## Work required:
Skip the pictures. Set down, word for word, the lines from the start of the material up to and including the line with "Hi everybody, welcome".
BEGIN
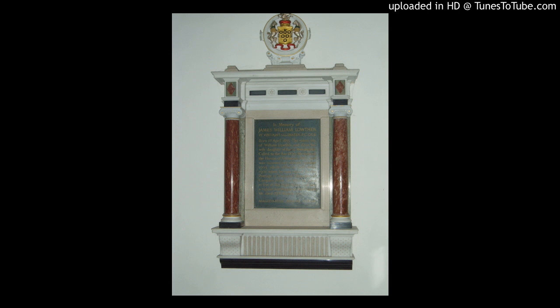The 15 memorials in the church span from 1660 to 1945 and include wall plaques of the most notable families, an ancient brass, ledger stones, and rolls of honour commemorating those who died in the two world wars.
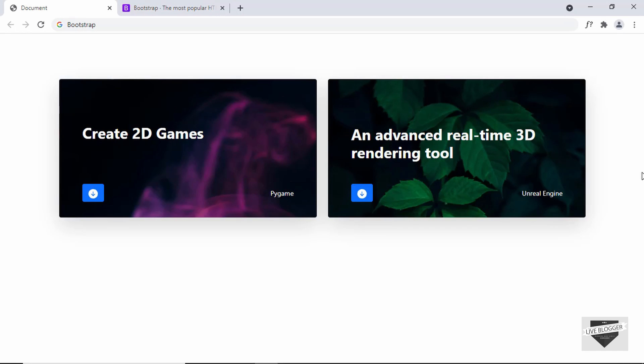Hi everybody, welcome to Live Blogger. In this video, I'll show you how to create this design using Bootstrap and then later I'll show you how to add this design to your Blogger website. So let's get started.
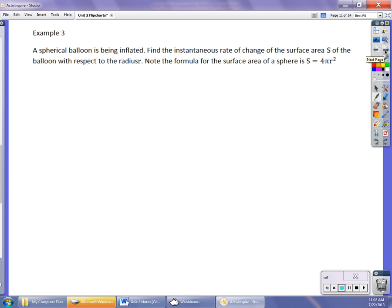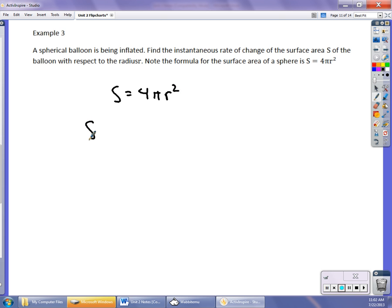Let's say we have a spherical helium balloon and we want to find the instantaneous rate of change of the surface area with respect to the radius r. The surface area is given by S equals 4 pi r squared. I don't require you to memorize geometry formulas — I'll provide a formula sheet. So S prime: bring the 2 down, 2 times 4 pi is 8 pi, and reduce the power by 1 to get r to the first. The instantaneous rate of change of the surface area at any given radius r is 8 pi r.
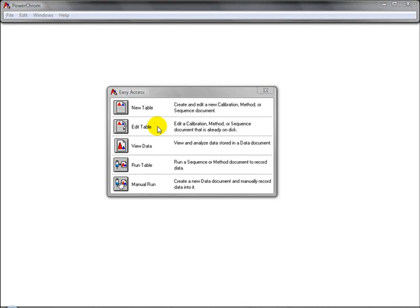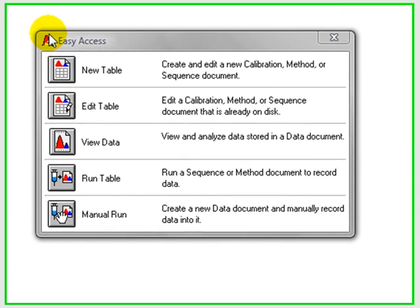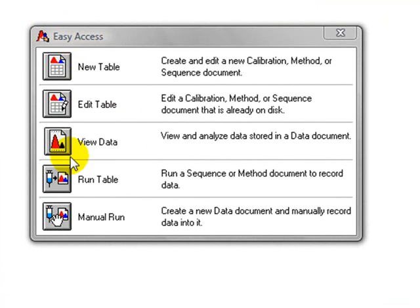This screencast video shows you how to do a C4D analysis in the PowerChrome software. When you open the PowerChrome software, you get the Easy Access window.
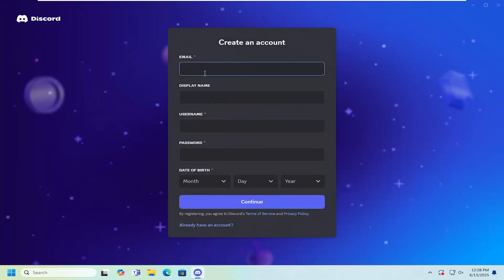And then you go ahead and insert your email, display name, username, assuming it hasn't already been taken, password as well as your birthday.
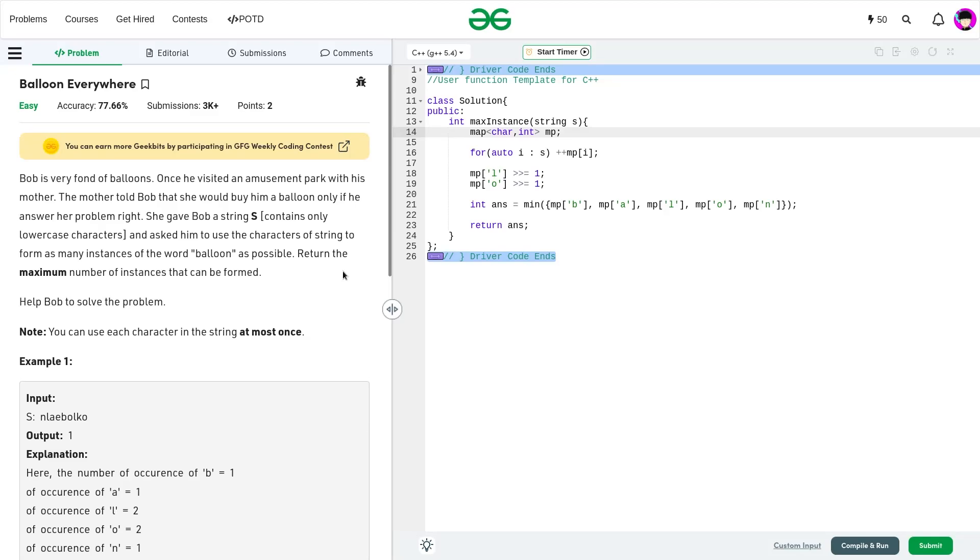Hello everyone, I hope you are doing well. So in this video, we're going to discuss the Geeks for Geeks problem of the day. And today's problem is balloon everywhere, which is an easy problem.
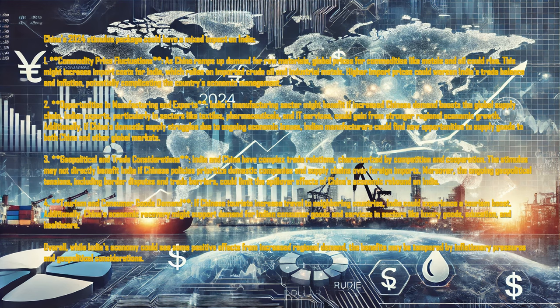China's 2024 stimulus package could have a mixed impact on India. First, commodity price fluctuations: as China ramps up demand for raw materials, global prices for commodities like metals and oil could rise.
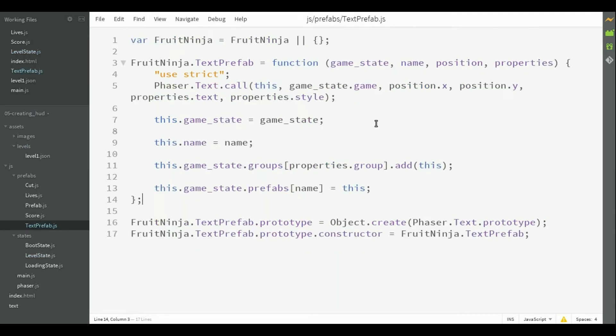We need this class because we want a prefab that extends phaser.text instead of phaser sprite. As you may have imagined, this class will be very similar to the prefab class, except it calls the constructor of phaser.text.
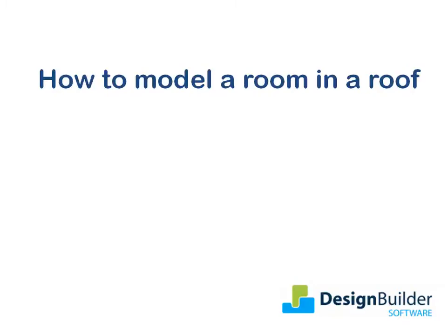Welcome. The purpose of this tutorial is to show you how to quickly and easily draw an occupied zone located in a pitched roof structure.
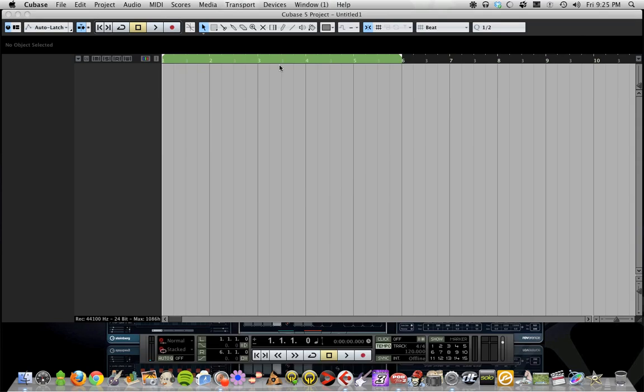This video stems from a question I got on one of my other videos: what's the easiest way to program drums in Cubase? I wanted to touch on this.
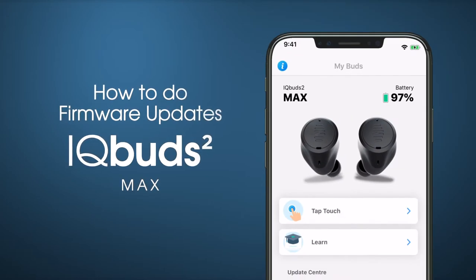Firmware updates will enhance your app functions and increase your experience with IQbuds. Updating your buds is very simple.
END
## Answer:
The 15 memorials in the church span from 1660 to 1945 and include wall plaques of the most notable families, an ancient brass, ledger stones, and rolls of honour commemorating those who died in the two world wars.
Hi everybody, welcome to Live Blogger. In this video, I'll show you how to create this design using Bootstrap and then later I'll show you how to add this design to your Blogger website. So let's get started.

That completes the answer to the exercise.